Rivlin used a translator to speak with the French students, stating his happiness to meet new immigrants.  Samaria Regional Council head Yossi Dagan added, “The president came here because he loves Samaria and he loves you.”

During the school assembly, Rivlin described the rich history of Samaria and affirmed that settlements such as Peduel are as much a part of Israel as Tel Aviv.

“It [Samaria] connects the Biblical kingdom of Israel with the modern state.  Those who live here know that we will never again lend our hand to the dissolution of Jewish sovereignty,” Rivlin said.  “We did not come to Israel because we fled the Holocaust or pogroms; we came and we will continue to settle it out of happiness and joy and the understanding that this is our land.”

“Every stone and tree tells a story,” Rivlin added about Peduel.  “The geography, much like the archeology of Samaria, is like the photographs of a family album.  Those who live here live in the middle of a lesson in history, in Bible, in citizenship and love of the land.”  (JPost)

Districts of Israel map

Districts of Israel

During the assembly attended by several hundred students and many of their parents, the president sang along with several pupils performing the Hebrew song “Jerusalem of Gold” by Naomi Shemer.

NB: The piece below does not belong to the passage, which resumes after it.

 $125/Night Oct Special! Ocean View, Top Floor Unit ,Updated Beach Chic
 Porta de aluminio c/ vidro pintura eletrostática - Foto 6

From his seat in the front row, Rivlin sang into a microphone and, near the song’s end, took a verse solo: “Jerusalem of gold and of bronze and of light.  Behold, I am a violin for all your songs.”  (Arutz 7)

Shemer composed the well-known song while parts of Jerusalem and Judea-Samaria were under the Jordanian siege, between 1949 and 1967.  Jordan occupied and, in a largely unrecognized move, annexed the territory, naming
it the Hashemite Kingdom’s “West Bank.”

“Sometimes, people talk of the state of Tel Aviv or the state of Jerusalem, the Jewish state and the state of Israel,” Rivlin said before the assembly in the courtyard.  “Those who live here know that there is no such thing as the state of Tel Aviv or the state of Jerusalem.  There is just one country, the state of Israel.

On Monday, at the president’s residence, Rivlin spoke with a group of elected officials from Jewish settlements, emphasizing his support for residents there and affirming that settling the Land of Israel is the historical right of the Jewish People

Our right to this land is not a matter of political debate.  It is a basic fact of modern Zionism.  We must not give anyone the sense that we are in any doubt about our right to our land.  For me, the settlement of the land of Israel is an expression of that right, our historical right, our national right, stemming from a love for the land of Israel, [and] from a recognition of our roots, which come together here.”